Landlord – interest relief restriction: deduction v tax reduction

27-Jul-2016

In his July 2015 Budget, the Chancellor dealt a blow to landlords with his announcement that from April 2017 relief for finance costs would be progressively restricted. In giving effect to the restriction, landlords would move from the current position where they are able to deduct finance costs, such as mortgage interest, in full when computing their rental profits, to one where relief is given as a basic rate tax reduction.

Phased in

The switch from deduction to interest rate reduction is to be phased in over four years, with a gradual shift away from deducting property finance costs from property income.

Tax year % finance cost relievable by deduction % finance costs given as basic rate tax reduction

2017/18 75% 25%

2018/19 50% 50%

2019/20 25% 75%

2020/21 onwards 0% 100%

Deduction v basic rate tax reduction

Where relief is given by deduction, the landlord obtains tax relief at his marginal rate of tax. The property finance costs are deducted in arriving at the taxable profit and that profit is taxed at the landlord’s marginal rate of tax.

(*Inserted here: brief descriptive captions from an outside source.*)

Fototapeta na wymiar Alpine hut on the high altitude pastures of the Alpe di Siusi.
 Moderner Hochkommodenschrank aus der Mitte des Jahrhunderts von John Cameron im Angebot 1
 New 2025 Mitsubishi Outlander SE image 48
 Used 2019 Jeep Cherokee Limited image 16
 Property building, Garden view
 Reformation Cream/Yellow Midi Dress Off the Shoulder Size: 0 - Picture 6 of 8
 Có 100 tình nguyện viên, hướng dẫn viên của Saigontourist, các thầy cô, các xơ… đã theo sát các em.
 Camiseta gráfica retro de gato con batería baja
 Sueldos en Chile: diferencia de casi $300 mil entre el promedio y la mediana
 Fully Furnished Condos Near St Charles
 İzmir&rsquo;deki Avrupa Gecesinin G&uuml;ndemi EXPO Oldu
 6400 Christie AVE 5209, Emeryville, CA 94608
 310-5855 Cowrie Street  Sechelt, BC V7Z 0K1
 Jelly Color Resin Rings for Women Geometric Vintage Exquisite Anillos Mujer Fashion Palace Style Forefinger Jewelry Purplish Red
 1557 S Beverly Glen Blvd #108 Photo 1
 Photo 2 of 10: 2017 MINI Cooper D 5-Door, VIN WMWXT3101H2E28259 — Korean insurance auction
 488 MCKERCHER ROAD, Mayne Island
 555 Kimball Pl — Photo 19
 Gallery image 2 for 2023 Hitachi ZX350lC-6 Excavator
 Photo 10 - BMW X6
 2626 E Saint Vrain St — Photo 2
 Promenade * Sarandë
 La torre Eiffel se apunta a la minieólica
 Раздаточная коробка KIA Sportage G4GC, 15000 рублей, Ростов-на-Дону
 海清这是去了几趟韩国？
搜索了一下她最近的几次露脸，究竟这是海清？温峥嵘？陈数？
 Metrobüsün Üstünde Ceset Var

By contrast, where relief is given as a tax reduction, the rental profit is first calculated without taking account of the finance costs relieved by tax deduction and the tax is worked out on those profits. Effect is given to the basic rate tax reduction by deducting an amount equal to the finance costs x the basic rate of tax from the tax figure initially computed on the profits.

Example

Ian is a landlord. In each year from 2016/17 to 2020/21 inclusive, he has property income of £30,000. He pays mortgage interest costs of £6000 and incurs other expenses of £2000. He also has a salary of £60,000 and pays tax on his property income at the higher rate of 40%.

His tax position for each of the years is as follows:

2016/17 2017/18 2018/19 2019/20 2020/21

£ £ £ £ £

Property income 30,000 30,000 30,000 30,000 30,000

Expenses (2000) (2000) (2000) (2000) (2000)

Deductible finance costs (6000) (4,500) (3,000) (1,500) nil

Taxable profit 22,000 23,500 25,000 26,500 28,000

Tax on profit (@40%) 8,800 9,400 10,000 10,600 11,200

Tax reduction @ 20% 0 (300) (600) (900) (1200)

Total tax 8,800 9,100 9,400 9,700 10,000

Summary

2016/17 2017/18 2018/19 2019/20 2020/21

£ £ £ £ £

Property income 30,000 30,000 30,000 30,000 30,000

Expenses (2000) (2000) (2000) (2000) (2000)

Finance costs (6000) (6000) (6,000) (6,000) (6,000)

Tax (8,800) (9,100) (9,400) (9,700) (10,000)

Profit retained 13,200 12,900 12,600 12,300 12,000

As a result of the shift from relief by deduction for 100% of property finance costs to relief by basic rate reduction for 100% of finance costs, Ian’s retained profit is reduced by £1,200.

Sting in the tail

Moving from deduction to tax reduction has hidden costs. The relief is given later in the calculation, which has the effect of increasing the taxpayer’s taxable income. This may move him into a higher tax bracket or trigger the high income child benefit charge or the abatement of the personal allowance.